Nigeria: 30 Years in Defence of Relevant Art

It was Nigeria’s first professor of Theatre Arts, Ebun Clark, who aptly captured the wider context of the gathering artists and enthusiasts of the arts a fortnight ago. She said those who attended the occasion were indeed “lucky” to be there as such a serene ambience for reflection was not available in some other parts of the country where killings, kidnappings and destruction of property were taking place at that hour.

Professor Clark, widow of the celebrated poet and playwright Professor John Pepper Clark, spoke at a session with the sub-theme “How Did it all Go Awfully Wrong?” at the 23rd Lagos Book and Art Festival (LABAF). With theme A Fork in the Road, the festival took place without any special arrangement for the security of the participants and guests who wined and dined after intellectual discussions. Such an occasion would certainly be a luxury elsewhere in the country.
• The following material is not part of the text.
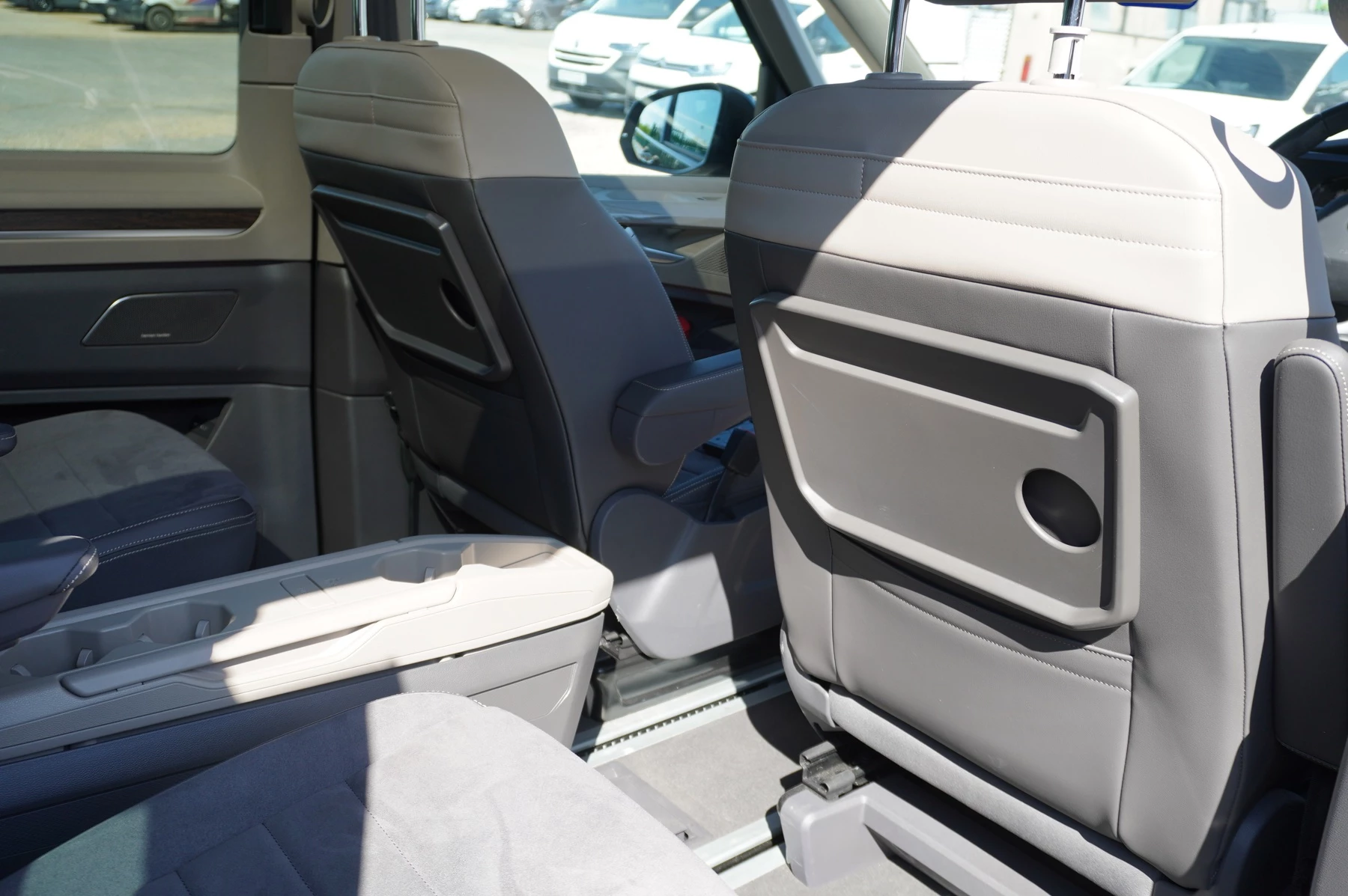 Volkswagen Multivan 2.0 TSI Style 5dr LWB DSG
The venue of the important festival in the in cultural calendar of Lagos, nay Nigeria, was the Freedom Park in central Lagos. The park itself used to be the ground for the old Broad Street Prison built by the colonial masters.

Three books were reviewed at the vigorous session in which Professor Clark made her remarks. They are Formation: The Making of Nigeria: From Lugard to Amalgamation, by Fola Fagbule and Feyi Fawehinmi; The Politics of Biafra and the Future of Nigeria, by Chudi Offodile and The Riddle of the Oil Thief, by King Bubaraye Dakolo, Agada IV, the Ibenananowei of Ekpetiama Kingdom, a first class monarch in Yenagoa Local Government Area of Bayelsa State. King Dakolo himself graced the session with his impressive entourage. In his brief intervention from the floor, the king , a scientist, said the story embodied his novel is the story of a witness to the injustice and inequity visited upon the Niger Delta. Talking about how and when things went wrong, eminent dramatist and poet Professor Femi Osofisan, who chaired the session, posed the pertinent question: are people really making efforts to build a nation? He put the matter like this: nations do not build themselves; it is the people who nations. So it is not enough to talk about how things go wrong. Are there genuine efforts to put things right?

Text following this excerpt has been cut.